**Source material:**
# # # # #

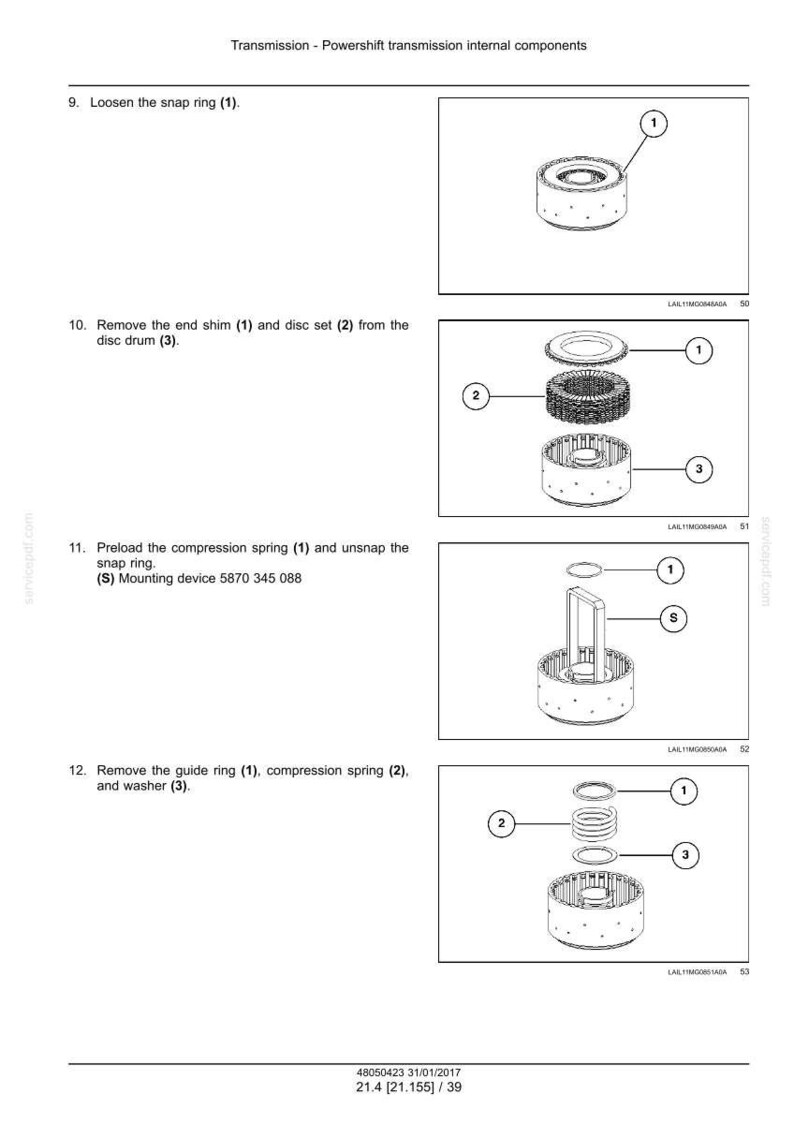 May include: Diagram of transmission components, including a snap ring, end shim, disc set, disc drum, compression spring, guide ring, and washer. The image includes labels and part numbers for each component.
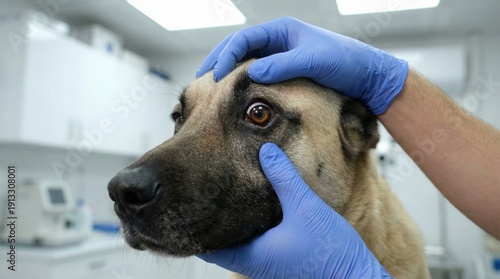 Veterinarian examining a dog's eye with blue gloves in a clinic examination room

# # # # #

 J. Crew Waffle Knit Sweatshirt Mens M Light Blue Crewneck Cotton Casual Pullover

# # # # #

**Work to be completed:** Above are the records. Copy word for word only their lines from the one holding "May include: Diagram" through the one holding "Veterinarian examining a", both included, and skip the images.

**Output below:**
 May include: Diagram of transmission components, including a snap ring, end shim, disc set, disc drum, compression spring, guide ring, and washer. The image includes labels and part numbers for each component.
 Veterinarian examining a dog's eye with blue gloves in a clinic examination room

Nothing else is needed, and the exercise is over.